The local argues that irrespective of any restricted meaning given "wages, hours, and other terms and conditions of employment," as the phrase is used in section 3505, sections 3504 and 3504.5 must be construed to cover a broader scope of agency action which must be preceded by written notice to the representative union. It contends that the complaint alleges a violation of that requirement.

We do not reach the issue of the construction to be given Government Code sections 3504 and 3504.5. The local did not exhaust its administrative remedy if its construction of the sections is correct. Its sole complaint to the county was a failure to comply with the meet and confer requirements of Government Code section 3505. By not raising the issue, the local precluded the county from reconsidering the item after notice pursuant to Government Code sections 3504 and 3504.5 if those sections require notice.


Article XXX, subsection (a) of the 1976 memorandum of understanding restates the statutory requirement for meet and confer sessions. In subsection (b), it adds the requirement that: "The County ... shall notify the Union of any proposed change in County rules, regulations, ordinances or resolutions on subjects which are beyond the scope of the meet and confer process, but the practical application of which directly affects employees represented by the Union.

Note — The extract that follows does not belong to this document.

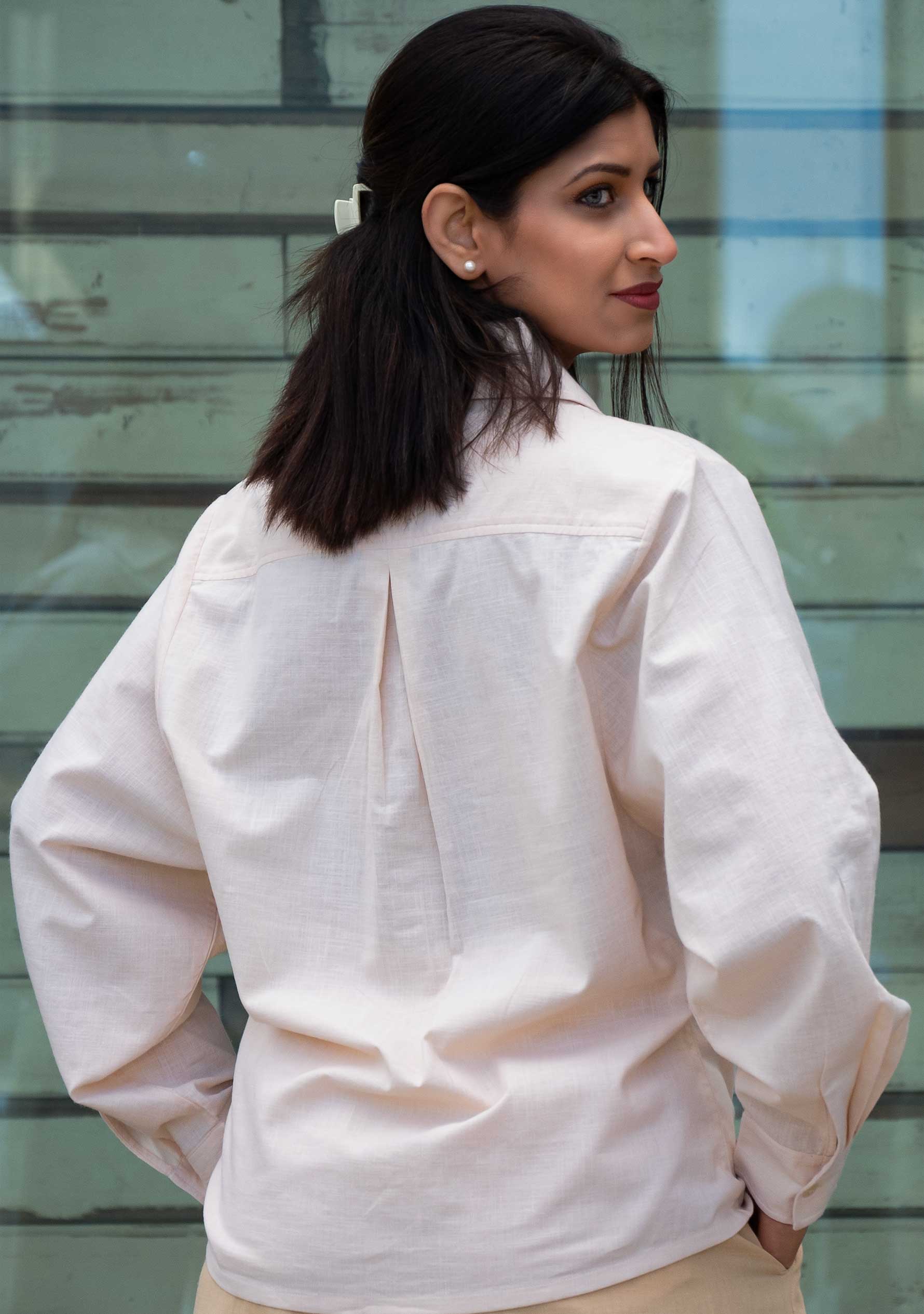 Beige Handloom Cotton Women Shirt — Embroidered Pocket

The County agrees to meet and consult with the Union on any such proposals, upon request of the Union."

The local now asserts that the complaint alleges facts establishing a violation of subsection (b) of article XXX of the MOU. That contention is not available to the local in this appeal. The local did not assert a violation of subsection (b) when it wrote objecting to the county's action on parking fees. Rather, it limited its objection to a claimed violation of the requirement that the county meet and confer on "wage rates, benefits, or other terms and conditions of employment subject to the meet and confer process." [82 Cal.App.3d 508]


The judgment is affirmed.

Lillie, Acting P. J., and Hanson, J., concurred.